_EXERCISE BRIEF_
Copy out the full listing below as it stands, with its pictures left behind.
══ PROVIDED INFORMATION ══
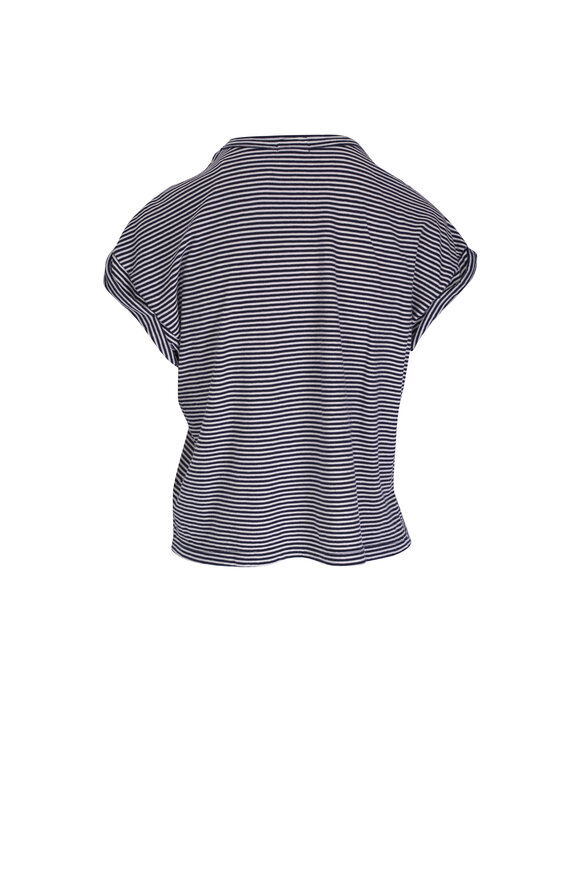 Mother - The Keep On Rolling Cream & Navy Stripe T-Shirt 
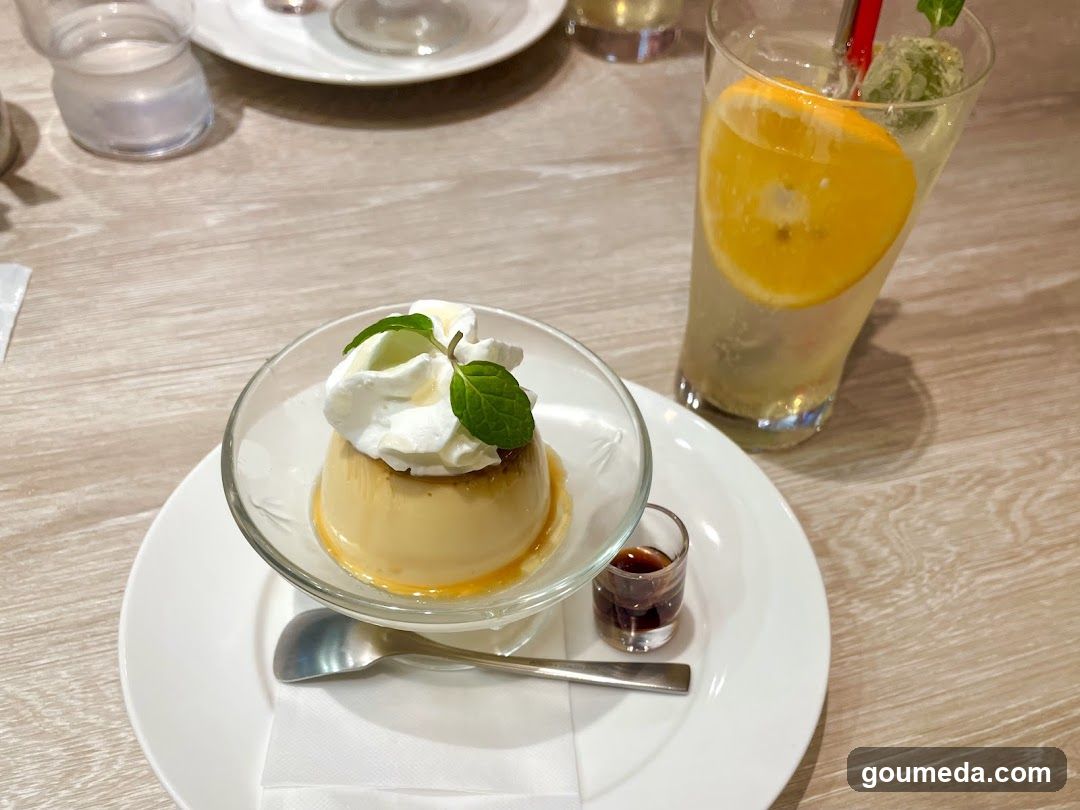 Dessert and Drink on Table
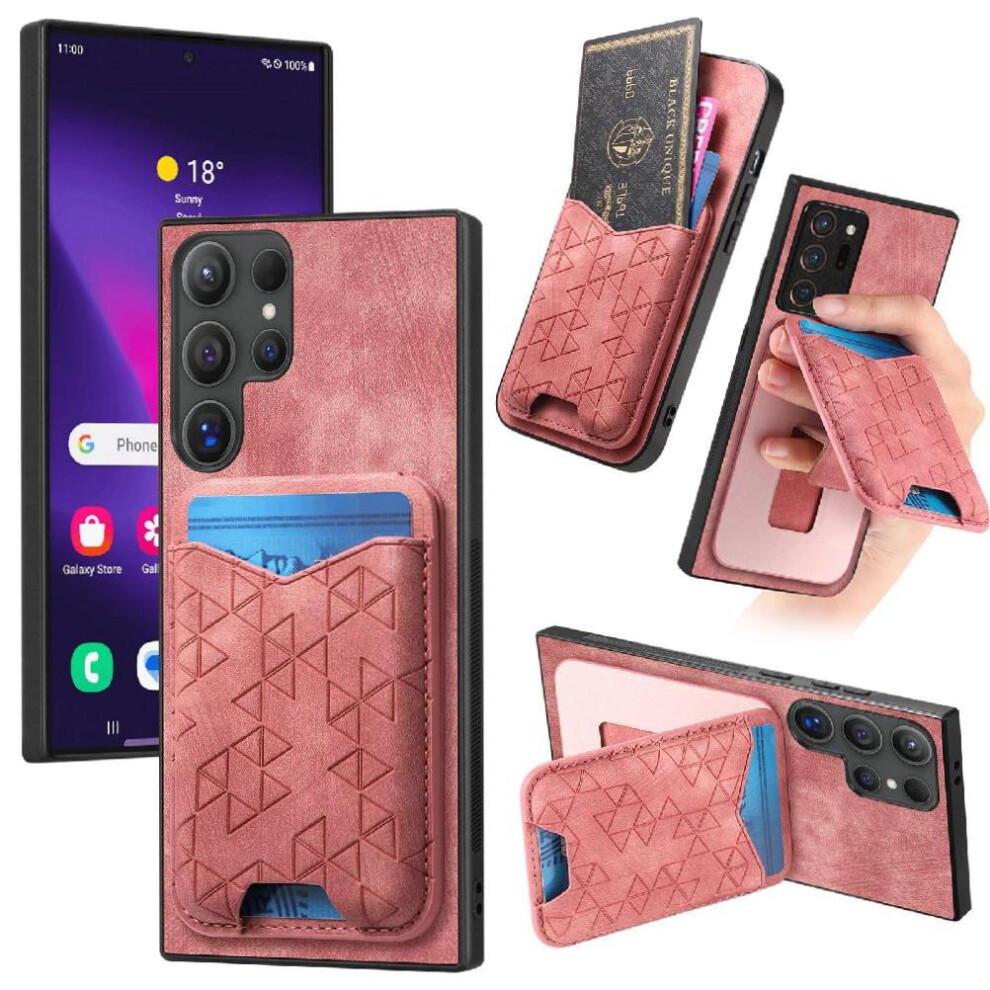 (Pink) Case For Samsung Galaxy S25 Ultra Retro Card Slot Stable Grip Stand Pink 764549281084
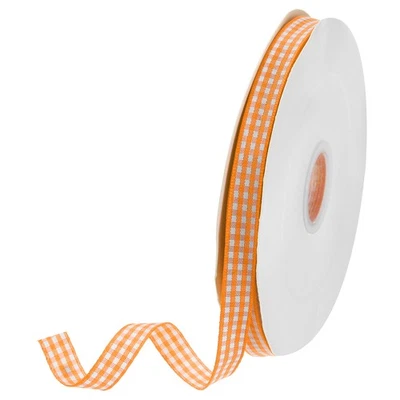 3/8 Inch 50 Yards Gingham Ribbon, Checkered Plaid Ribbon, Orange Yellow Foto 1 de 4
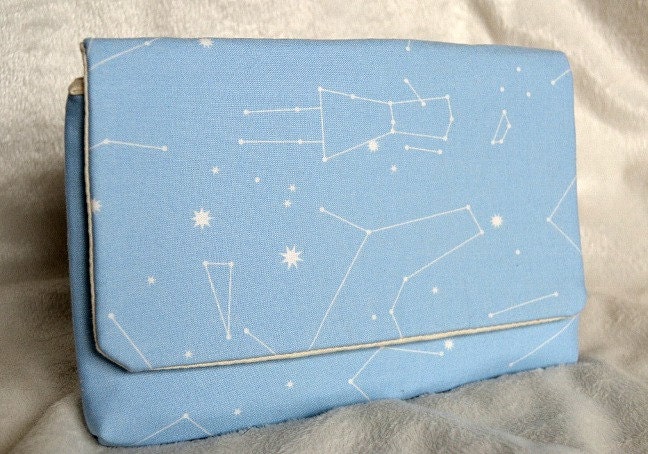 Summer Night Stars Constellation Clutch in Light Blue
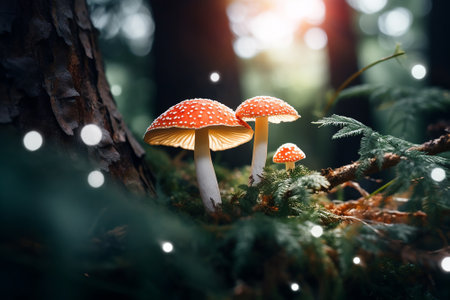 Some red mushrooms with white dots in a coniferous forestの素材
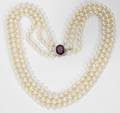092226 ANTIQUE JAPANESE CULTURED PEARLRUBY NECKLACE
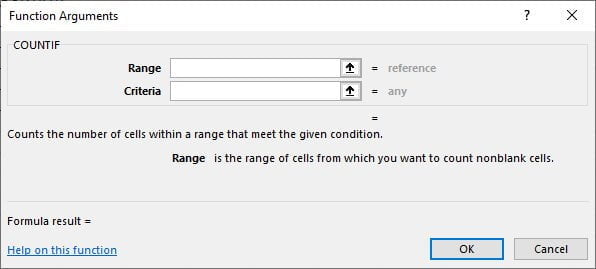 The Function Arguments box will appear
═══
_PROBLEM SOLUTION_
 Mother - The Keep On Rolling Cream & Navy Stripe T-Shirt 
 Dessert and Drink on Table
 (Pink) Case For Samsung Galaxy S25 Ultra Retro Card Slot Stable Grip Stand Pink 764549281084
 3/8 Inch 50 Yards Gingham Ribbon, Checkered Plaid Ribbon, Orange Yellow Foto 1 de 4
 Summer Night Stars Constellation Clutch in Light Blue
 Some red mushrooms with white dots in a coniferous forestの素材
092226 ANTIQUE JAPANESE CULTURED PEARLRUBY NECKLACE
 The Function Arguments box will appear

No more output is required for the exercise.